# Pocket Watch



## thistle1314 (Jan 12, 2014)

hi all, looking for a bit of info, I have a Williamson pocket watch here keeps real good time, but its got to the point that I have to wind it 2 or 3 times a day to keep it going, is this a major problem or would a regular service sort this out.


----------



## antony (Dec 28, 2007)

Probabally a good service woud help, whether its worth it is another matter.


----------



## DJH584 (Apr 10, 2013)

It may well be that the mainspring has become weak BUT, as antony has said a service will also help and at the same time that mainspring can be checked.


----------



## thistle1314 (Jan 12, 2014)

thanks for the advice, its a ww1 military issue, real nice condition, it probably deserves a service,


----------



## AVO (Nov 18, 2012)

I would recommend that. I think WW1 watches are going to increase in value in the immediate future - 100th Anniversary &c.


----------



## Will Fly (Apr 10, 2012)

AVO said:


> I would recommend that. I think WW1 watches are going to increase in value in the immediate future - 100th Anniversary &c.


Seconded! There's always a vogue for things "military", and positively identified, genuine, WW1 and WW2 timepieces are always sought after. Worth a good service.


----------



## thistle1314 (Jan 12, 2014)

watch seems to be a lot better now, I fully wound it then held the click back and let it spin out, it runs a lot longer now, it keeps really good time, must be some sort of sticky main spring or something, I don't now.


----------



## mel (Dec 6, 2006)

If you think it's "sticky" - then it pretty definitely needs a full service - strip, clean and re-lube and so on!

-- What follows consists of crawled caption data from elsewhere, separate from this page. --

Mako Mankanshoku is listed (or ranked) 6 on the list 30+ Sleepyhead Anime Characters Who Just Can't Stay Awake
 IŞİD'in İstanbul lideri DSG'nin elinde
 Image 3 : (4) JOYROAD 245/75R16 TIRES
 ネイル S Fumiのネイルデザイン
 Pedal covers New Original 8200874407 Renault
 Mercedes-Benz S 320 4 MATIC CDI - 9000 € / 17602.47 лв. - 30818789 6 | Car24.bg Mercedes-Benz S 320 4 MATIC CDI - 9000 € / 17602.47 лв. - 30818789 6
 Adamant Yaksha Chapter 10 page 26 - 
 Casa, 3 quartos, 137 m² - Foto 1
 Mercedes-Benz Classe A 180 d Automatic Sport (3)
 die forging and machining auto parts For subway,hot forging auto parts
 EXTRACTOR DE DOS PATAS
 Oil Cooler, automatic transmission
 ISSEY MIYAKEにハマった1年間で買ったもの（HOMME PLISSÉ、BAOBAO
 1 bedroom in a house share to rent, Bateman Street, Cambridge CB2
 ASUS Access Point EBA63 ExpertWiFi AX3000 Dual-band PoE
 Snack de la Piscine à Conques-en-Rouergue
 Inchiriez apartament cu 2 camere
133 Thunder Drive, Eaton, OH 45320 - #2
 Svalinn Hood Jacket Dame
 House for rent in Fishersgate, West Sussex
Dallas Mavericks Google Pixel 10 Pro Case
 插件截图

As already said, might be worth, might not be worth - = - BUT IT NEEDS IT from the sound of things! :yes:


----------



## andyclient (Aug 1, 2009)

mel said:


> If you think it's "sticky" - then it pretty definitely needs a full service - strip, clean and re-lube and so on!
> 
> As already said, might be worth, might not be worth - = - BUT IT NEEDS IT from the sound of things! :yes:


Hit the nail on the head there Mel me thinks :yes:


----------